Hi Sue, I haven’t heard of Ewart but in the book it says that Ewart was awarded a prize in the 1928 Bulletin competition. Ewart was better known from his war stories as “Boyd Cable”….. He wrote “By Blow and Kiss” (1924). Also, another author mentioned which I have not heard of is Erle Cox, who wrote Out of the Silence(1923), ‘..an exciting and well worked-out romance..
Meg, I wish I’d thought of that. In compiling my ‘best reads’ for 1919 I came on The Old Comptemptibles by Boyd Cable – and “discovered via the Oxford English Dictionary that ‘Boyd Cable’ is Ernest Andrew Ewart”. AustLit entry here
It’s hard to remember them all Bill, particularly when they are not household names.
Everyone should own HM Green. It comes in two volumes, 1788-1923 and 1923-1950. And two editions – 1962 by Green, and 1984 revised by his daughter Dorothy. Thanks to dad I have vol I of the first edition and both volumes of the 2nd.
Yes, I know, but I don’t!! It’s never come into my purview, but I must seek it more actively I think.
Thanks Meg … I have quite a few books on Aussie Literature but not Green’s. I must look out for it.
Crikey, you get around in your research ! 😀
Thanks M-R. I enjoy doing it. So many interesting people, stories and ideas out there.

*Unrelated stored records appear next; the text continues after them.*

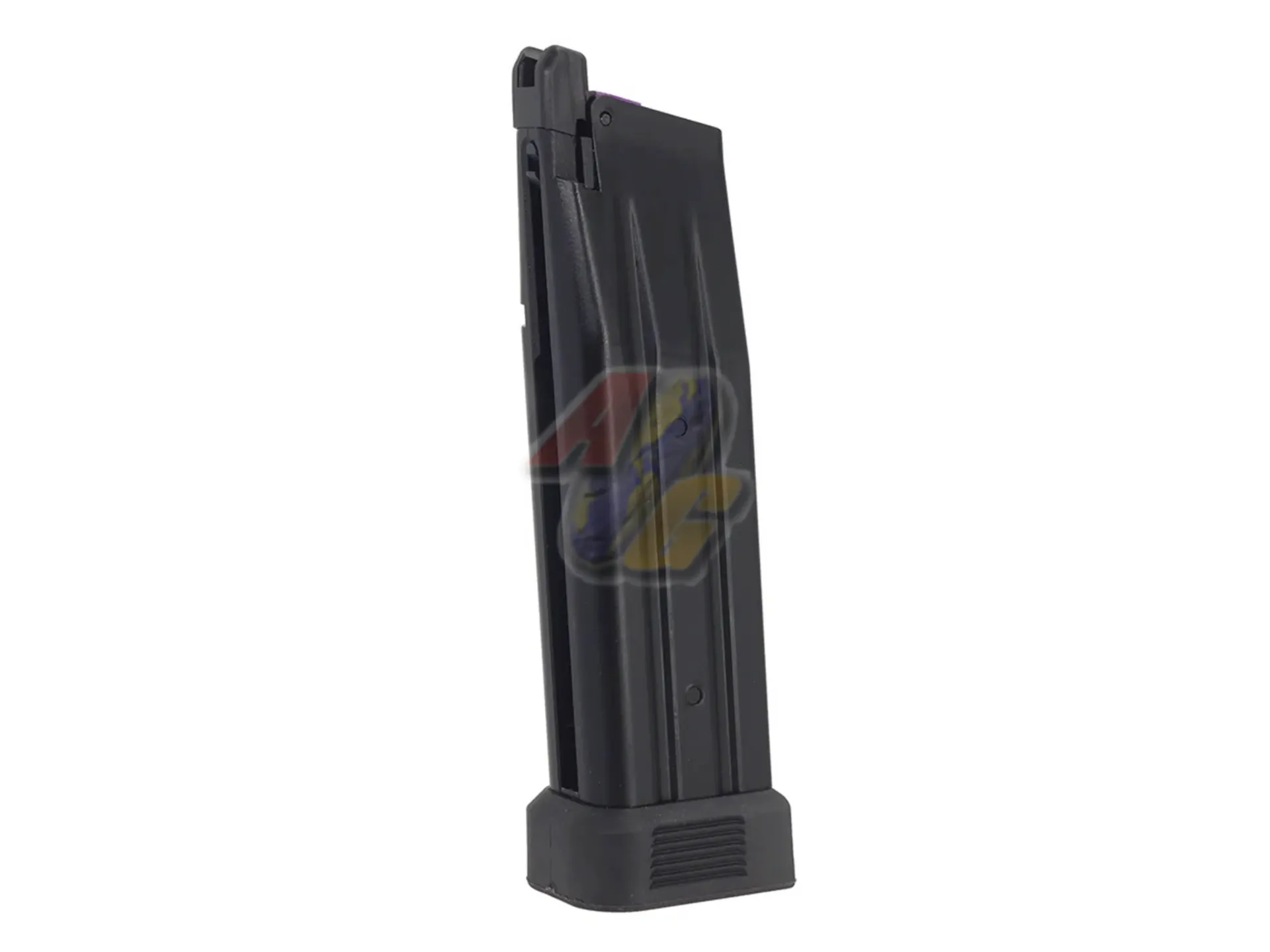 [ARMY-MAG-A-404] Army Armament 30rds Magazine for Army Armament Staccato P (R611) GBB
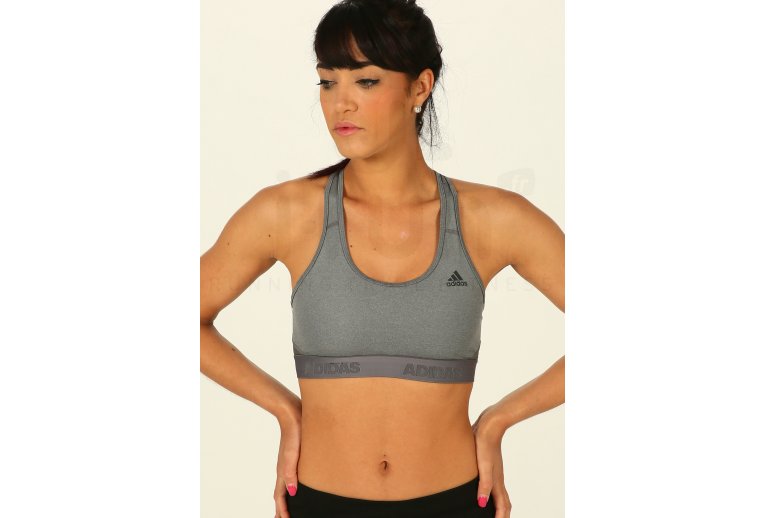 adidas Sujetador deportivo DRST Alphaskin Sport
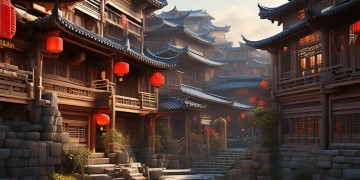元垄城究竟是什么物业单位？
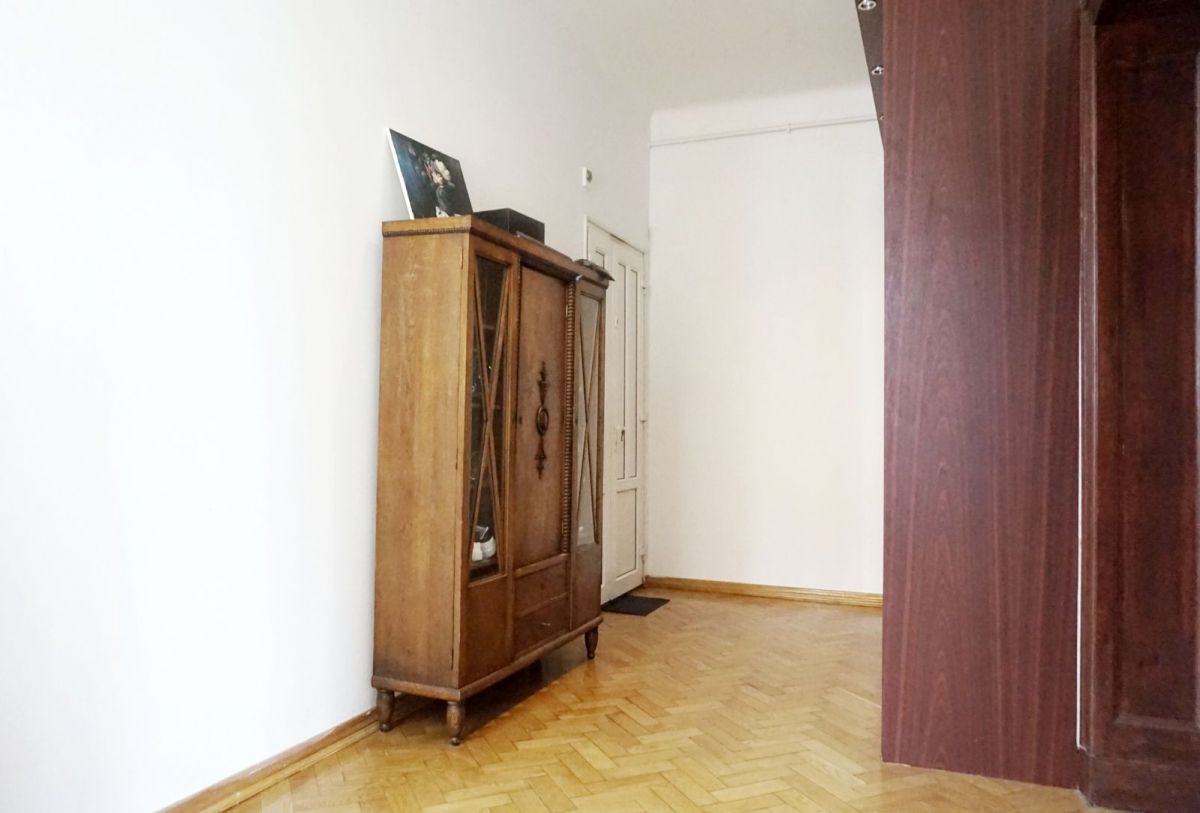 Mieszkanie z oknami w parku !! Poznań - zdjęcie 4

I”m another who’s only read Marcus Clarke from your suggestions. I’ve read 19 Australian authors whose books were published in the 19th century and up to 1926, but I have no idea which of them might have been alive when this survey was done.

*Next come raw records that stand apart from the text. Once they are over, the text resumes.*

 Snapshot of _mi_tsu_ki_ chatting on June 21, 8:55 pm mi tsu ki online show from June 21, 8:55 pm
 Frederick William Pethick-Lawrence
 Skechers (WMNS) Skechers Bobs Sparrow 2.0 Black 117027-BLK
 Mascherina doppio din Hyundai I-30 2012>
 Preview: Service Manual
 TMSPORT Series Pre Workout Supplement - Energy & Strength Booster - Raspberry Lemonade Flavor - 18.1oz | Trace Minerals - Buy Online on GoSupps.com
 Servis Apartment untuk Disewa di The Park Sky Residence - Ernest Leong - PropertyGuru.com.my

(I have a vague project to read something from every year and Bill kindly gave me a list of books to look out for, but it’s not so easy to locate these books now that there’s so few bricks-and-mortar second-hand shops to browse in. We are reduced to searching online, and then paying a premium price plus postage for something that, a’hem, isn’t always great to read. There is Project Gutenberg of course, but then it has to be read digitally, and I hate that.)
I like your vague project Lisa but it would be a challenge. I don’t like reading digitally a lot but I do do it. However the thing about Project Gutenberg is that the quality of the digitisation is variable and that puts me off. If I were an academic, I’d be thrilled to have that resource, but otherwise I find it not wonderfully appealing!